"Hati-hati ya Sakura." Mebuki melambaikan tangannya.

"Jaga dirimu baik-baik, nak." Kizashi yang merangkul Mebuki juga melambaikan tangannya pada anak semata wayangnya itu. Sakura tersenyum manis, air matanya perlahan mengalir.

"Aku akan membahagiakanmu, ayah, ibu."

Wanita cantik dengan rambut yang tergerai panjang itu memejamkan matanya dan membalikkan badannya. Ia memang akan meninggalkan kota kecil ini, dan...mengadu nasibnya di kota besar. Tokyo.


Love is You

chapter 1

Naruto by Masashi Kishimoto


Wanita itu baru saja turun dari kereta. Dia sudah berada di kota tujuannya. Hatinya senang, apalagi memulai kehidupan baru di hari dewasanya.

"Aku harus semangat!" Ia mengepalkan tangannya, dengan senyumnya yang indah ia segera pergi meninggalkan stasiun itu.

Tidak terlalu jauh dari jantung kota, Sakura sudah tiba di depan apartemennya yang minimalis. Harganya bisa di bilang cukup, terlebih wanita itu hanya tinggal sendiri. Apartemennya hanya memiliki satu kamar tidur, satu kamar mandi, dapur dan ruang keluarga yang menyatu, dan tentu saja balkon untuk melihat pemandangan kota sibuk itu.

Ia tak perlu membawa macam-macam perabotan, semuanya sudah tersedia. Ia hanya membawa perlengkapan baju kantor, buku tabungan, surat-surat berharga, dan buku kecil nan tebal berwarna merah jambu.

"Sakura's Diary." Bibir mungilnya menyunggingkan senyum lagi, terutama ketika melihat buku harian itu. Buku hariannya saat SMA.

Sakura meletakkan buku itu di meja makannya. Dia kembali lagi untuk meletakkan barang yang lain.

"Benar saja, aku tidak punya bahan makanan untuk besok." Tanpa mengganti pakaian ia segera meninggalkan rumah kecilnya.

Dimusim semi ini hatinya yang cukup riang berjalan melewati blokade kota. Ia tahu seluk beluk Tokyo sebelumnya, tentu saja sebelumnya ia pernah kemari.
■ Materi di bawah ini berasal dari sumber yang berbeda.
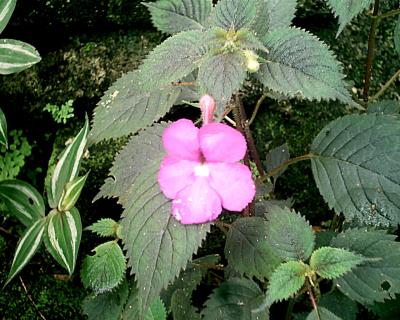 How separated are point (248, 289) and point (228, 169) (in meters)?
0.43

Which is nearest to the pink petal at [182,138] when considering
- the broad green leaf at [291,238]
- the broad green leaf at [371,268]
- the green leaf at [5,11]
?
the broad green leaf at [291,238]

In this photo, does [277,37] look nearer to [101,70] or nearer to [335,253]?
[335,253]

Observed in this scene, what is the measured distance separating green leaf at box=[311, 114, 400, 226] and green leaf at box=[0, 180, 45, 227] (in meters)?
0.92

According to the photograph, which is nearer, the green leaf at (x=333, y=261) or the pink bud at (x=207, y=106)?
the pink bud at (x=207, y=106)

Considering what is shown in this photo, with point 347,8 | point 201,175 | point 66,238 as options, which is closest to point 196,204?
point 201,175

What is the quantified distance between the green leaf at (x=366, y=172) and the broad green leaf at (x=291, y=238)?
8 cm

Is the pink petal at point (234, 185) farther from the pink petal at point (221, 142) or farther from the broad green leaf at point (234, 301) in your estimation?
the broad green leaf at point (234, 301)

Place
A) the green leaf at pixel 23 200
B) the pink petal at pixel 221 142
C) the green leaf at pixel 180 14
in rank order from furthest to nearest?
the green leaf at pixel 23 200 < the green leaf at pixel 180 14 < the pink petal at pixel 221 142

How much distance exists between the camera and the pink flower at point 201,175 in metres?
0.96

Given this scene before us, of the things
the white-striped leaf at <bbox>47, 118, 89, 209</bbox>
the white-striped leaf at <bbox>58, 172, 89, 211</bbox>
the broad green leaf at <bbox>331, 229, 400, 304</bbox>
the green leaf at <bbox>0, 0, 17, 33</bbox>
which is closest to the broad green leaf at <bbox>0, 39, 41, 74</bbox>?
the green leaf at <bbox>0, 0, 17, 33</bbox>

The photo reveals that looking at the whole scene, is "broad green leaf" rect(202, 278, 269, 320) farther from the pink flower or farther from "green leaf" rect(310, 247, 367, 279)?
the pink flower

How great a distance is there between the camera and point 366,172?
3.76 feet

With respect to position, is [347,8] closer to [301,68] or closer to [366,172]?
[301,68]

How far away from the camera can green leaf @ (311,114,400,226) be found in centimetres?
113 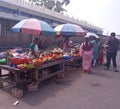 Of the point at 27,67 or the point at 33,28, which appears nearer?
the point at 27,67

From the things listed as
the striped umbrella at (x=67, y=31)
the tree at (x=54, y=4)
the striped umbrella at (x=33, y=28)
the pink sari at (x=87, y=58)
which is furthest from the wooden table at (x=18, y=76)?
the tree at (x=54, y=4)

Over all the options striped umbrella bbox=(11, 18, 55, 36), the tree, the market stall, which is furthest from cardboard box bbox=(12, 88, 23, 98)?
the tree

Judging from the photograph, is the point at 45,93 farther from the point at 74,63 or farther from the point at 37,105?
the point at 74,63

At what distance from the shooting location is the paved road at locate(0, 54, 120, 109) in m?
5.02

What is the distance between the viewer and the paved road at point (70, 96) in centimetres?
502

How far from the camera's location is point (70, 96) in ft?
19.0

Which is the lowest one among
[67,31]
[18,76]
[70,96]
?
[70,96]

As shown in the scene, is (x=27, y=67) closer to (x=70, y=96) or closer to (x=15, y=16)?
(x=70, y=96)

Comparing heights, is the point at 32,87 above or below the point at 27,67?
below

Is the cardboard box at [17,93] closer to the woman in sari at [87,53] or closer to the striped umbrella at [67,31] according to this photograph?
the woman in sari at [87,53]

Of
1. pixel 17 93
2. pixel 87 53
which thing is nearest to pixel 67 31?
pixel 87 53

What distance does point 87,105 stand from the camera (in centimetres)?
513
Terlebih, bunga-bunga sakura sedang bermekaran. Bulan april memang menjadi awal segalanya. Dari pembukaan lapangan kerja, wisuda, dan tahun ajaran baru sekolah.

"Ohaio's supermarket. Ternyata masih sama seperti dulu ya." Sakura sedang santai memasuki bangunannya . Ia memilih-milih sayuran yang segar, ikan dan buah-buahan. "Aku jadi ingat ibu dan ayah." Gumamnya pelan sambill menuju kasir.

Selesai belanjanya ia melewati taman yang tadi ia lewati juga, Ueno Kouen. Aroma sakura yang khas membuat hidupnya lebih tenang.

"Sampai sore masih banyak juga yang sedang hanami. Mungkin aku bisa menghabiskan waktu sebentar."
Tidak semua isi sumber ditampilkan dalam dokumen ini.